Однажды в жаркий августовский день, воспользовавшись отъездом соседа, я подъехал к распахнутому в коридоре окну и, привстав с кресла, обнаружил внизу, в тени деревьев лавочку, на которой играли в шахматы на выбывание солидные на вид пациенты. Вокруг них собралось с пяток раненных, ожидавших своей очереди. Все были в добротных пижамах, двое на костылях. Мессинг некоторое время наблюдал за игрой, потом позволил себе дать совет одному из участников. Все разом подняли головы. Я воспользовался случаем и представился. Как только выяснилось, что один присутствующих слыхал обо мне и даже присутствовал на моем представлении, собравшиеся тут же сменили гнев на милость.
Далее все стало проще.
Я признался, что сломал ногу. Несчастный случай! Теперь сижу здесь, скучаю, теряю квалификацию. Хотелось бы поработать. Люди внизу пообещали — поможем!
К возвращению Айвазяна в вестибюле госпиталя уже висело написанное от руки объявление. Я особенно настаивал на том, чтобы оно было написано именно от руки, ни в коем случае ни типографским способом или на машинке. Айвазян бросился к главврачу, но генерал-майор медицинской службы отшил зарвавшегося особиста и заявил, что на территории госпиталя распоряжается он, и ни кто иной.
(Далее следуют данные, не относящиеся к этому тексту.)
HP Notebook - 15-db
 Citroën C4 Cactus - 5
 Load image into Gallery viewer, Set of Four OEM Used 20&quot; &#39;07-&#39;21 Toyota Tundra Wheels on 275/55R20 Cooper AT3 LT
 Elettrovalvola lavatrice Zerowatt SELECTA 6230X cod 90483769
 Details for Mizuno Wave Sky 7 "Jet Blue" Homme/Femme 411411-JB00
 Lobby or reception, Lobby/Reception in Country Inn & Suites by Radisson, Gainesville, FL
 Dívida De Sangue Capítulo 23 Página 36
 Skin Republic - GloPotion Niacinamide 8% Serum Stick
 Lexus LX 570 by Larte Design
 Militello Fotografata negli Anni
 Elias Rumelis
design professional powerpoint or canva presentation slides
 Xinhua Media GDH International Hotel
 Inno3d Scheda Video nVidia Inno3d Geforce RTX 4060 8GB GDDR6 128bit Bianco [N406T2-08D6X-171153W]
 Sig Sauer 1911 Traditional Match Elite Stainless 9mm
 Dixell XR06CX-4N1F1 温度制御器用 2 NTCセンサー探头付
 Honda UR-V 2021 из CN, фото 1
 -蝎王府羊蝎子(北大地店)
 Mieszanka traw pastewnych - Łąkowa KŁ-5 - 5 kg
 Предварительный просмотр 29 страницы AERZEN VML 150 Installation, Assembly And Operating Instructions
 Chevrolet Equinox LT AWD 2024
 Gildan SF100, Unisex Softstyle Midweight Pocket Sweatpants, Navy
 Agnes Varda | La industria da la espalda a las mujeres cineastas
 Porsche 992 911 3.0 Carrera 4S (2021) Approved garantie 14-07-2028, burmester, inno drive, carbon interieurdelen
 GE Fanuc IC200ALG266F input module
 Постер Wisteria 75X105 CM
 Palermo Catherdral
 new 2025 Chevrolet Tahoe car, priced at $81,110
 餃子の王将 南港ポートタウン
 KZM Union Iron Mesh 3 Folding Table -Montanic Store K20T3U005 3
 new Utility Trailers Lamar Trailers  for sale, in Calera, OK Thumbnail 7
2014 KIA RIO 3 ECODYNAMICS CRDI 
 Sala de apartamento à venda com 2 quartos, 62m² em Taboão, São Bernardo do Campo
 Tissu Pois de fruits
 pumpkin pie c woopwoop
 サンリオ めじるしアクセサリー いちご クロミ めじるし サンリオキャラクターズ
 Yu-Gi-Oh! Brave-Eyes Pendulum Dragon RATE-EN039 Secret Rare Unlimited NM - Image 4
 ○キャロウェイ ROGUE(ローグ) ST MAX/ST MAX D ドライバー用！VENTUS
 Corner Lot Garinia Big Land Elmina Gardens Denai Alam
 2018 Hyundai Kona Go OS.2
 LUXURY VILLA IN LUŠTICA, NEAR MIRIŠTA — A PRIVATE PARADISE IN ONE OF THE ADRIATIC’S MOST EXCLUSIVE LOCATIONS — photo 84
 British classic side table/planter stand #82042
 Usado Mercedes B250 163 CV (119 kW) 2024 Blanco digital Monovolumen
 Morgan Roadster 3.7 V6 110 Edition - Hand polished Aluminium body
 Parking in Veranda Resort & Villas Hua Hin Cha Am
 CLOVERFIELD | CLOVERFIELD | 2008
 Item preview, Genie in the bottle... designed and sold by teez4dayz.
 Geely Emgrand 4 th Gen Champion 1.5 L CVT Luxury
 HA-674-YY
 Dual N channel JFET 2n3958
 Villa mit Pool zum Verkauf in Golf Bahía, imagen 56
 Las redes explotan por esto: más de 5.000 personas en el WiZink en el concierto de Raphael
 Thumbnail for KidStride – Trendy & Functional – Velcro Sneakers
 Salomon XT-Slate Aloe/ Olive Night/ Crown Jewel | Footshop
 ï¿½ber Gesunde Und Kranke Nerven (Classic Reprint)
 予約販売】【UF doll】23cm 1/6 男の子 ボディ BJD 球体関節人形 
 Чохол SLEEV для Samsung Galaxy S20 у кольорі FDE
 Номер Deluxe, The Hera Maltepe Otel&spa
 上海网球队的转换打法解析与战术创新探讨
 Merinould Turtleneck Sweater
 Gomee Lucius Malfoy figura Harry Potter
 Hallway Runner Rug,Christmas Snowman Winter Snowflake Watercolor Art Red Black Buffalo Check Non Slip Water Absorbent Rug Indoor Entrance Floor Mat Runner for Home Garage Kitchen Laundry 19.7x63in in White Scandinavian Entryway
Была война, и военных, особенно раненых старших офицеров, тем более генералов, чьи палаты размещались в соседнем корпусе, уважали. Примчавшийся в палату Айвазян набросился на меня с угрозами. Я сделал невинные глаза — как Мессинг мог отказать главврачу, явившемуся в палату с просьбой устроить представление для ранбольных. Разве мне запрещали давать концерты? Наоборот, партия дала мне задание любыми способами помочь раненым поскорее вернуться в строй. Разве не так?
Айвазян сразу заткнулся.
Назначенный на вечер психологический опыт прошел на «ура». Мессинг был выше всяких похвал. Особенный смак отыскиванию предметов и выполнению других труднейших психологических заданий, придавала кресло-каталка. Я отыскивал расчески, помазки для бритья, простенькие очки. Но — учтите обстановку! — когда мне представилась возможность угадать, где спрятан орден тяжело раненого подполковника-артиллериста, я ухватился за нее обеими руками. Наводку дали соседи подполковника, попытавшиеся подбодрить угрюмого и неразговорчивого фронтовика. Я спросил разрешение у раненого — имею ли я право копаться в его вещах. Он с трудом кивнул. Я нашел орден Боевого Красного Знамени в его тумбочке и обратился к присутствующим с вопросом — известно ли собравшимся, чем дорога нашему орденоносцу эта награда?
Я опять же обратился за разрешением к подполковнику. Тот не возразил. С его же молчаливого согласия, не задав ни одного наводящего вопроса, Мессинг поведал зрителям, за что был отмечен артиллерист.
Когда я вскинул обе руки и объявил — вижу! — в просторной палате наступила мертвящая тишина.